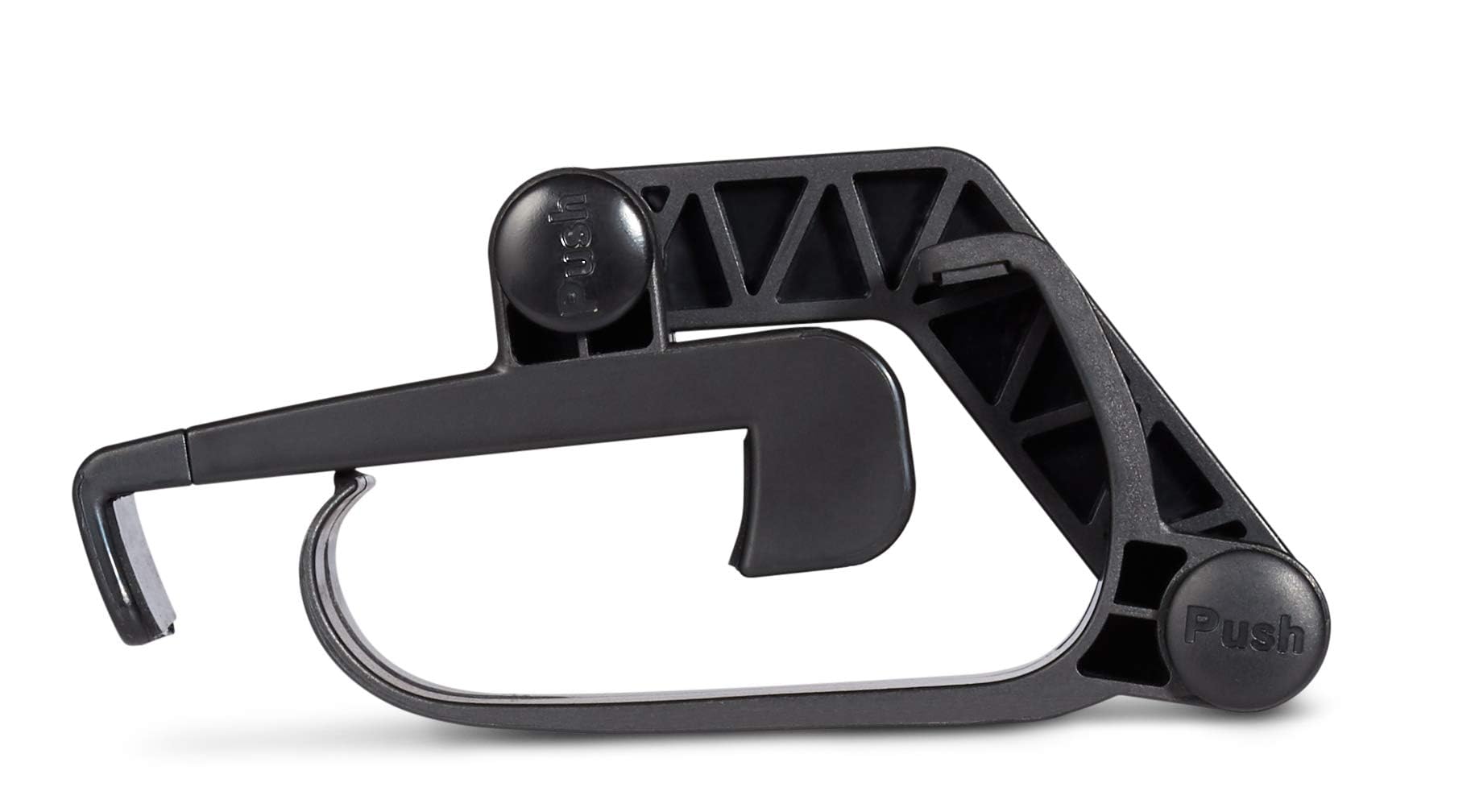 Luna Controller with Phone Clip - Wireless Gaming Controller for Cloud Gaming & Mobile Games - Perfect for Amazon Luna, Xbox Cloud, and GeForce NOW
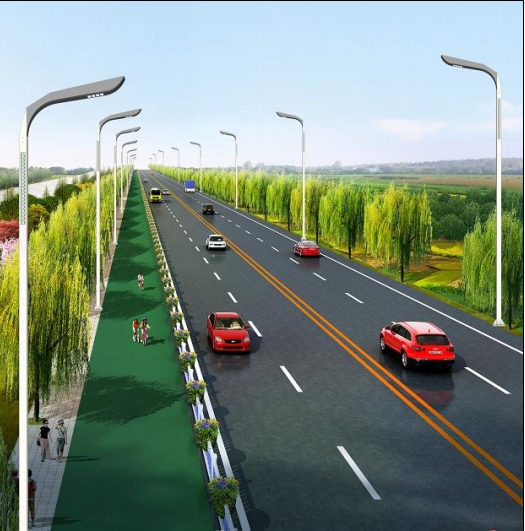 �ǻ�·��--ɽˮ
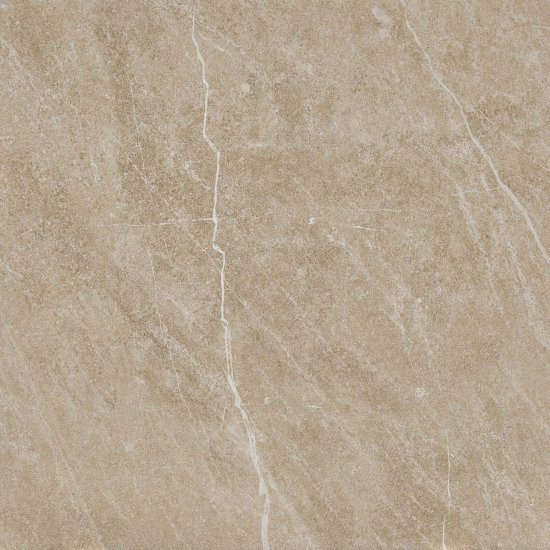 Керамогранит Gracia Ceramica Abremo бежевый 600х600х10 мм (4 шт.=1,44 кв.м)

--

What you should do: Since the pictures are not wanted, give the material again exactly without them.

Answer to this exercise:
 Luna Controller with Phone Clip - Wireless Gaming Controller for Cloud Gaming & Mobile Games - Perfect for Amazon Luna, Xbox Cloud, and GeForce NOW
 �ǻ�·��--ɽˮ
 Керамогранит Gracia Ceramica Abremo бежевый 600х600х10 мм (4 шт.=1,44 кв.м)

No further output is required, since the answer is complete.